Smart mask to track respiratory sounds for respiratory disease identification

Wearing face masks has been recognised as one of the most effective ways to prevent the spread of COVID-19, even in its coming endemic phase. Apart from the conventional function of masks, the potential for smart masks to monitor human physiological signals is being increasingly explored. A research team led by the City University of Hong Kong (CityU) recently invented a smart mask, integrating an ultrathin nanocomposite sponge structure-based soundwave sensor, which is capable of detecting respiratory sounds of breathing, coughing and speaking.

Using machine-learning algorithms and a high sensitivity soundwave sensor operable across a wide bandwidth, the smart mask has opened new avenues for its application in the identification of respiratory diseases, as well as a voice interaction tool. This ultra-lightweight wearable technology also has the potential to improve personal and public health by enabling prolonged and systematic respiratory health monitoring in daily life.

A research team led by Professor Li Wenjung, Chair Professor in the Department of Mechanical Engineering (MNE), Professor Wang Jianping, Professor in the Department of Computer Science (CS), and Dr Yu Xinge, Associate Professor in the Department of Biomedical Engineering (BME) at CityU, recently developed this smart mask, which can detect and distinguish multiple respiratory actions. Professor Shen Jiangang’s team from the School of Chinese Medicine of The University of Hong Kong also made an important contribution to the project.
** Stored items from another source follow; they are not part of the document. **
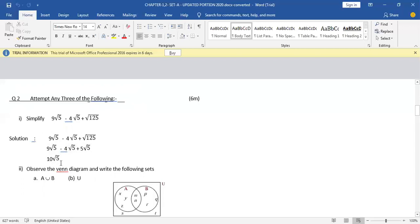If you have got it properly right, give yourself 2 marks. If you have not got the final answer correct but the factorization step is correct, give yourself 1 mark. If you have got the entire sum correct, give yourself 2 marks.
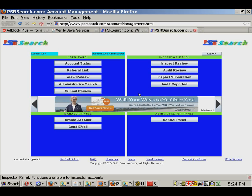PSRSearch.com is intended as a means for the people to take back some of the control over the web, by providing a vehicle which allows small sites to become known. I hope the internet community will embrace the opportunity that PSRSearch.com provides. Thank you.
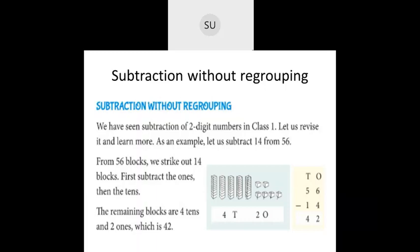We saw how to do subtraction without regrouping first, starting with two-digit numbers. Here they've told subtract 14 from 56. In the block form we have 56: five tens and six ones. From these we have to remove one ten and four ones. If I strike out one ten, four tens will be left. From the six ones I strike out four ones, leaving two ones. So four tens and two ones is 42.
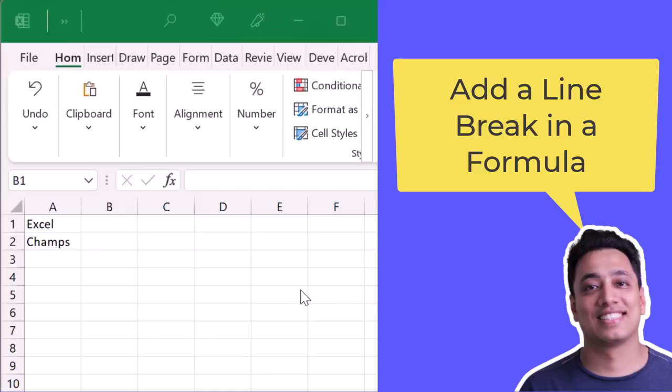Alright, so here I have two different text values in cell A1 and A2 and I want to combine these two values in cell B1, but I want to also add a line break within the formula.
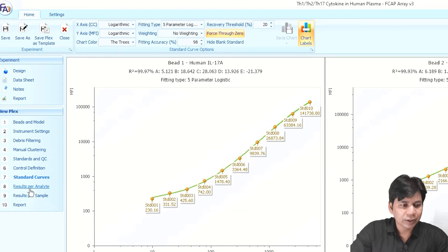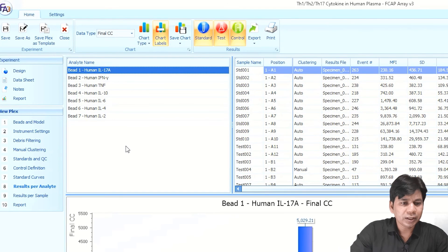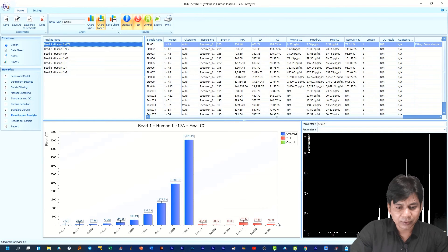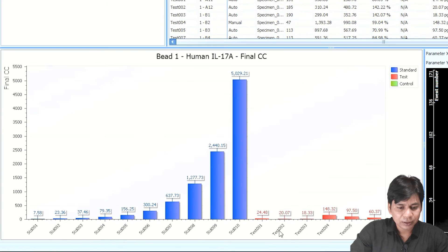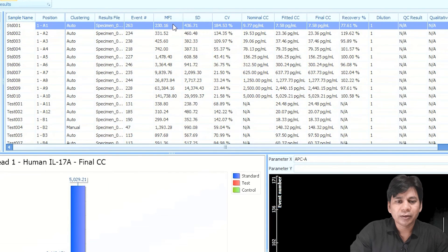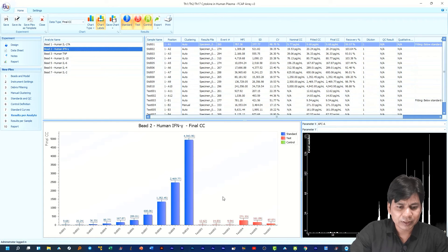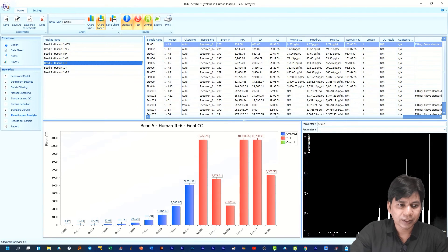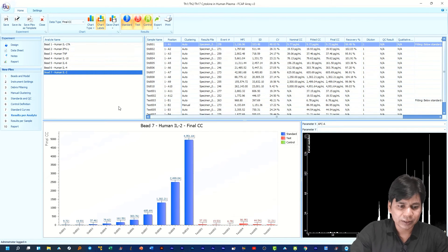After the standard curve, click on 'Result per Analyte.' In Result per Analyte you can see the results for each bead — for example, Bead 1 IL-17A shows the IL-17A results across all samples and standards. The data is shown in column format with MFI value, SD, CV, and concentration. If you click on IFN-γ, you can see the gamma results for all analytes across all samples and standards. Similarly, you can view TNF-α, IL-10, IL-6, IL-4, and IL-2 results.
The findings were published in Advanced Science under the title “Wide-bandwidth nanocomposite-sensor integrated smart mask for tracking multiphase respiratory activities.”
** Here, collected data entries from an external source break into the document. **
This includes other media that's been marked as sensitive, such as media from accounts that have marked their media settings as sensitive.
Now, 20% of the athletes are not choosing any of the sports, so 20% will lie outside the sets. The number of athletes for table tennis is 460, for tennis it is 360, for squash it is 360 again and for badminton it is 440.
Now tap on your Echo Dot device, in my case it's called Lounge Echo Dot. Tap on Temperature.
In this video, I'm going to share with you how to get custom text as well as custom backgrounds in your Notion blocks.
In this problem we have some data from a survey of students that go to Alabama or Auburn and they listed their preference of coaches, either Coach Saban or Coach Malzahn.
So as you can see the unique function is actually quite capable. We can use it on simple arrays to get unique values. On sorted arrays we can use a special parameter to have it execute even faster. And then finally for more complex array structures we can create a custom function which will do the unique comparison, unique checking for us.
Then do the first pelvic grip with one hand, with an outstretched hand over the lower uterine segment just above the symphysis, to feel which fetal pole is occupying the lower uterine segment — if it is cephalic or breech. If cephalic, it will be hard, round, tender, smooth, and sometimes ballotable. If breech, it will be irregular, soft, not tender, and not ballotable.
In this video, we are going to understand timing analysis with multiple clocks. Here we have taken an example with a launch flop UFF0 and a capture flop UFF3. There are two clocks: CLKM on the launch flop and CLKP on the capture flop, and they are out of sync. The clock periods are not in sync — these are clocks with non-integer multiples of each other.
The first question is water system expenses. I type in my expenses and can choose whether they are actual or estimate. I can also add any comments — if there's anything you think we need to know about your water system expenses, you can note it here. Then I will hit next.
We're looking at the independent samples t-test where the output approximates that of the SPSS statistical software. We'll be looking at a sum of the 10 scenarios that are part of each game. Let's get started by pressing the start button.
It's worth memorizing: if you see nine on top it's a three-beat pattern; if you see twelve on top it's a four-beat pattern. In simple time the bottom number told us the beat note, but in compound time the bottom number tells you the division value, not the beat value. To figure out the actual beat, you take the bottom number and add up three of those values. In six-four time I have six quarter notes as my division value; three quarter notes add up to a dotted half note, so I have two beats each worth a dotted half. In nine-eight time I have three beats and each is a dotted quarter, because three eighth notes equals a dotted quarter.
Importance of wearing masks even if COVID-19 becomes endemic

“Many countries now believe that COVID-19 will soon become endemic,” said Professor Li. “However, we must set aside optimism and be realistic about the likely levels of illness, disability and death associated with this disease in the coming years. It is important to remember that endemicity does not correspond to harmlessness.” He used malaria as an example to illustrate that even though it is currently considered endemic in 87 countries, in 2020, it infected an estimated 241 million people and caused 627,000 deaths, according to the World Health Organization. Thus, he suggested that people should continue to be cautious about COVID-19 and use available and proven measures, including masks, to control the spread of the virus.

“This smart mask utilises our self-developed, high-sensitivity, wide-bandwidth flexible sensor that can detect and record daily human respiratory activity, such as breathing, coughing and speaking for cloud data storage,” explained Professor Li.